Шрифт:
Интервал:
Закладка:
Том стоял, подпирая дверь и зевая во весь рот.
— Иди спать, — прошептала я. — Я впущу Патрика.
— Спасибо, и вправду пойду. Устал я чего-то. Я тама застелил в гостиной на диване и на кушетке, но она не шибко мягкая, так что пусть на ней Патрик спит.
— Спасибо. И еще раз поздравляю тебя, Том. Спокойной ночи.
Он поцеловал меня в щеку и снова широко зевнул. Я побрела вниз, по дороге заглянув в ванную, где едва не сломала палец на ноге, споткнувшись в кромешной тьме о порог. Единственным источником света была луна, висевшая в окне. Холодный серебристый свет заливал комнату, и я умылась, разглядывая в зеркале свое темное отражение. Вот уж кто вылитый призрак. Даже в темноте было видно, какое у меня изможденное лицо. Волосы торчком, глаза припухли от слез, губы потрескались. Я нащупала на полке несколько тюбиков, взяла один, вгляделась в название. Крем… Сойдет. Я щедро намазала физиономию.
После чего на цыпочках я спустилась на первый этаж, от души надеясь, что не упаду и не перебужу всех обитателей фермы. Не хватало еще сломать ногу, чтобы Патрик вколол мне конское обезболивающее. Благополучно добравшись до гостиной, я отыскала в темноте кушетку и ощупала ее. Том прав, жуткое сооружение. На такой сладкие сны вряд ли приснятся.
Я зажгла свечу и, прикрывая пламя, прошла на кухню. Там было уютно и тепло, и я решила вымыть посуду, пока жду Патрика. Протирая стол, я с трудом могла поверить, что несколько часов назад Димелза родила на нем дочь. И как бы страшно нам ни было, наверное, рожать тут намного приятнее, чем в ужасной, как выражается Одесса, больнице.
Тут все знакомое, родное. Пахнет свежим хлебом, кофе и супом, а не вонючим антисептиком. Но с другой стороны, а вдруг кровь пойдет? Тогда врачи в белых халатах со стетоскопами на шеях окажутся очень кстати. Я уже не говорю о современных лекарствах. Представляете, каково было Димелзе?
Слава богу, что у нас есть Одесса.
Прибравшись, я стала разглядывать детские рисунки, приколотые к стене. В некоторых явно угадывалась рука Джокасты. Наверное, это она занимается с детьми.
От крема лицо было липкое и почему-то чесалось.
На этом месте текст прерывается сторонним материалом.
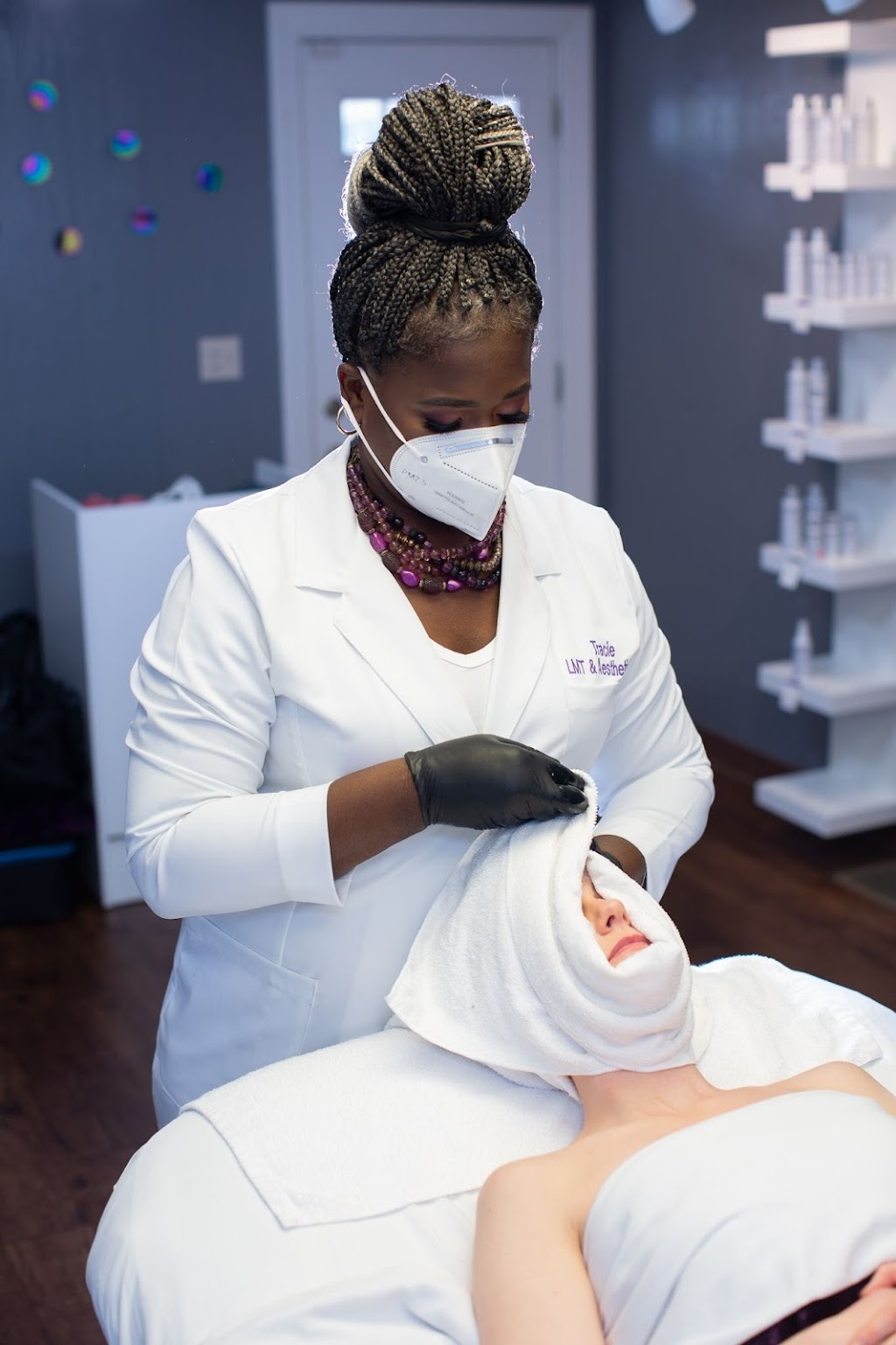 Skin Care By Tracie | 105 Lyndon Ln suite 106 e, Louisville, KY 40222, USA | Phone: (502) 694-2718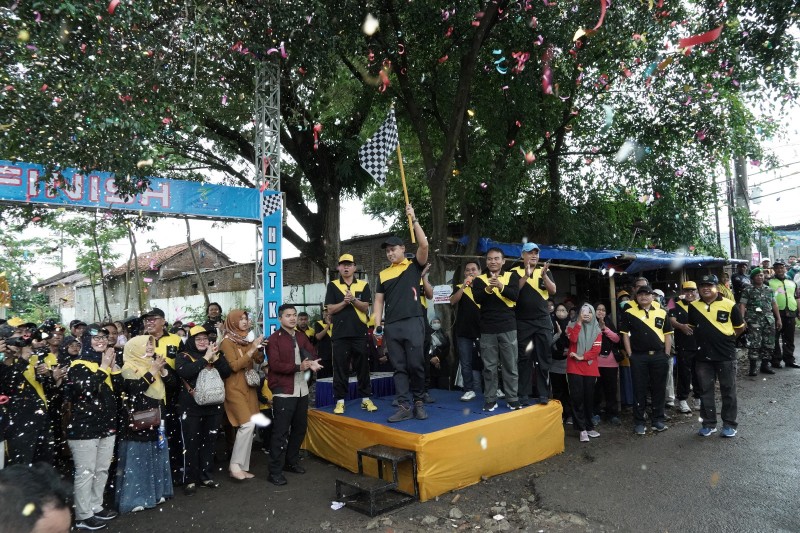 Bupati Kendal Melepas Ribuan Peserta Jalan Sehat HUT PDAM Tirto Panguripan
Я рассеянно поскребла щеку. Надо бы чайник поставить. Патрик наверняка замерзнет и захочет выпить чаю.
Я глянула в окно на заснеженное поле. Джики… Где лежит сейчас его хрупкое тельце? У меня не хватит духа спросить у Патрика, куда он его дел. Где-то там торфяники… Я вспомнила Табиту. Наверняка она сегодня вдоволь нагулялась, погода как раз для нее. Зато Джокаста с Дэйви, думаю, и носа на улицу не высунули. Пили с Эдвардом у камина вино, ели пышки, а Дэйви играл на рояле. Может, к ним присоединился и Алекс…
Я заварила чай и налила себе чашку. Слова Одессы пробудили во мне надежду. И даже если она ошибается, все равно завтра я пойду в «Аббатство».
Кто-то топал у порога, в дверь тихонько постучали. Патрик. Я открыла дверь и остолбенела.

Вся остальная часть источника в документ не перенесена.